In 5 anni il governo cinese ha condannato per corruzione 684 mila funzionari comunisti

«La corruzione degli individui, chiunque essi siano, sarà perseguita senza sosta e nessun corrotto potrà evitare di essere punito». Ha parlato così oggi He Guoqiang, uno dei nove potentissimi membri del Comitato permanente  del Politburo del Partito comunista cinese, che governa di fatto la Cina, e capo della Commissione disciplinare del Partito.

660 MILA FUNZIONARI CORROTTI. Per He, negli ultimi cinque anni sono stati sanzionati per corruzione 660 mila ufficiali del Partito, mentre 24 mila sono stati condannati penalmente. L’alto quadro comunista insiste che verranno «perseguiti senza sosta» casi come quello di Bo Xilai, segretario di Partito della megalopoli Chongqing e astro nascente del comunismo cinese, oggi epurato e sotto processo per corruzione e abuso di potere, di Gu Kailai, moglie di Bo condannata alla pena di morte, ora sospesa, cioè l’ergastolo, per l’omicidio del faccendiere britannico Neil Heywood, e di Wang Lijun, braccio destro di Bo, scappato al consolato americano temendo di essere fatto fuori dal Partito, respinto dagli Usa, e condannato a “soli” 15 anni di carcere.

GIUSTIZIA A OROLOGERIA. Ma la radiazione dal partito di Bo e le condanne di Gu e Wang non sono certo dei successi contro la corruzione, come il Partito cerca di far credere all’opinione pubblica. Infatti, se Bo non fosse diventato troppo ingombrante per il Partito, visto che voleva entrare a far parte del Comitato permanente del Politburo, le cui nomine si terranno l’8 novembre, e se il suo vice Wang Lijun non si fosse rifugiato all’ambasciata americana, creando uno scandalo internazionale e portandolo alla luce del sole, la giustizia non avrebbe mai punito un dirigente comunista e sua moglie per l’omicidio di un uomo. Nessuno si illude che processi durati al massimo qualche ora possano davvero essere giusti.

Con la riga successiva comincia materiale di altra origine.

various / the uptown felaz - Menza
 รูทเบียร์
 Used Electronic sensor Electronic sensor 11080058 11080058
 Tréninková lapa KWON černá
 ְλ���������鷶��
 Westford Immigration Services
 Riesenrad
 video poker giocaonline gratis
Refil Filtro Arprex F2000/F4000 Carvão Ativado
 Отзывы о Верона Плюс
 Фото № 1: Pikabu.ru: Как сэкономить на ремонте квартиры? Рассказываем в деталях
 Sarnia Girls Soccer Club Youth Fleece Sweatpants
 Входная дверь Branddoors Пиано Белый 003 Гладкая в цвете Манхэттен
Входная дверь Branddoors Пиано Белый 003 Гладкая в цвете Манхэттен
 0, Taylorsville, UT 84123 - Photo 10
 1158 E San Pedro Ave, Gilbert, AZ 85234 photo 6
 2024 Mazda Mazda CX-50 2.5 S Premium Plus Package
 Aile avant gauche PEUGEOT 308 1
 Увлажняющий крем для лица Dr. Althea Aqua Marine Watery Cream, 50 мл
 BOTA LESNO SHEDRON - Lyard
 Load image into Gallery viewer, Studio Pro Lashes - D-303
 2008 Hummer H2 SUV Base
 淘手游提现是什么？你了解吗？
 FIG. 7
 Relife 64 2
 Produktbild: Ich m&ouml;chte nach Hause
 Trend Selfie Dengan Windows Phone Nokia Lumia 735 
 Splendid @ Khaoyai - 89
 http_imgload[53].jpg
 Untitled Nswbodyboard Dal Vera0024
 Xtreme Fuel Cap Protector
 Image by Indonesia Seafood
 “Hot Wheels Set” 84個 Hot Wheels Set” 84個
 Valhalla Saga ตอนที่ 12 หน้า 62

IL PROBLEMA È DI SISTEMA. Mentre He Guoqiang parla dunque degli impressionanti numeri della corruzione dei membri del Partito comunista, una delle piaghe più grandi che affligge oggi la Cina, non spiega perché la corruzione sia così diffusa tra i quadri comunisti. In un sistema politico a partito unico, come quello cinese, dove l’economia è dominata dall’alto e i governanti locali sono scelti da Pechino e devono rispondere solo a Pechino, non alla gente, ciascun funzionario locale può fare ciò che vuole della terra e delle risorse del territorio, a patto che rispetti i criteri (per lo più economici) che Pechino richiede. Un funzionario può allora espropriare terreni privati e venderli a grandi industriali senza risarcire i cittadini (v. Wukan), tenendo per sé parte del denaro per arricchirsi e ripianare le casse del villaggio, può schiacciare il dissenso con la repressione, può consentire alle aziende statali, dietro compenso, di non pagare i lavoratori, approfittando dell’assenza di sindacati e di tribunali imparziali. Così mentre il Partito comunista sbandiera la lotta alla corruzione, evita di mettere in discussione il «socialismo con caratteristiche cinesi» e, di conseguenza, di affrontare il problema della corruzione.